Indien het klachten betreft die gericht zijn tegen individuele mandatarissen, is er verder ontvankelijkheidsonderzoek. Vanaf datum van ontvangst is de voorzitter verplicht om de
deontologische commissie binnen 14 dagen bijeen te roepen.
Artikel 52
De deontologische commissie gaat na over welke mandataris er een melding of klacht wordt gemaakt en in welke hoedanigheid. De commissie zal vervolgens de klacht en de feiten onderzoeken. Ze hoort in elk geval de melder/klager en de persoon die het voorwerp uitmaakt van de melding of klacht. Het staat de commissie vrij om andere personen te horen.
De deontologische commissie zal uiterlijk binnen 60 dagen na ontvangst van de melding of klacht door de voorzitter, een uitspraak overmaken aan de raad (gemeenteraad, OCMW-raad of BCSD) waarvan de mandataris deel uitmaakt. Dezelfde termijn geldt bij vragen tot advies.
Artikel 53
Uitspraken van de deontologische commissie kunnen leiden tot:
Een advies of aanbeveling aan de raad over de aanvulling of wijziging van de deontologische code.

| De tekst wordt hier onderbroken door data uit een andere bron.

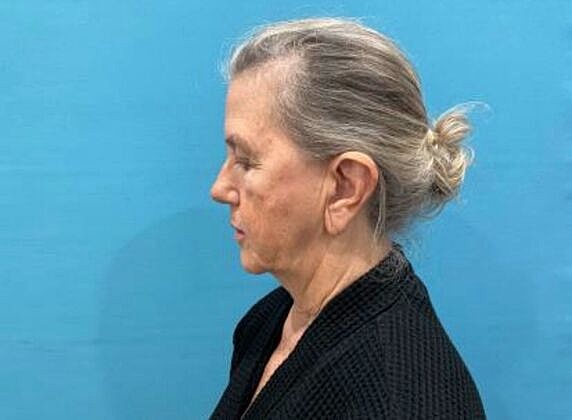 Facelift Before & After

Een advies over een casus aan het lokaal bestuur op vraag van het lokaal bestuur.
Vaststellingen over het gedrag van een mandataris en of deze al dan niet overeenstemmen
met de deontologische code. Deze vaststellingen worden overgemaakt aan de raad waarvan de mandataris deel uitmaakt. Alleen de raad doet een einduitspraak, die de vorm kan aannemen van een vrijspraak, een aanbeveling of een berisping van de mandataris. De raad kan ook beslissen om het dossier over te maken aan de minister en/of aan het parket.Een dossier met de bevindingen van de commissie voor de Vlaamse regering zodat die een tuchtonderzoek kan instellen en de betrokken burgemeester, schepen, voorzitter van de raad, voorzitter van het vast bureau, lid van het vast bureau of voorzitter van het BCSD kan
schorsen of afzetten wegens kennelijk wangedrag of grove nalatigheid. Ook in dat geval wordt het dossier eerst overgemaakt aan de raad, die beslist om het dossier over te maken aan de minister en/of aan het parket.
Artikel 54
De vergaderingen van de deontologische commissie hebben een gesloten karakter. De persoon die
het voorwerp uitmaakt van de melding of de klacht, kan wel om een openbare behandeling vragen van zijn tussenkomst.
Artikel 55
Er geldt geen aanwezigheidsquorum voor de vergaderingen van de deontologische commissie.
Leden van de deontologische commissie ontvangen geen presentiegelden.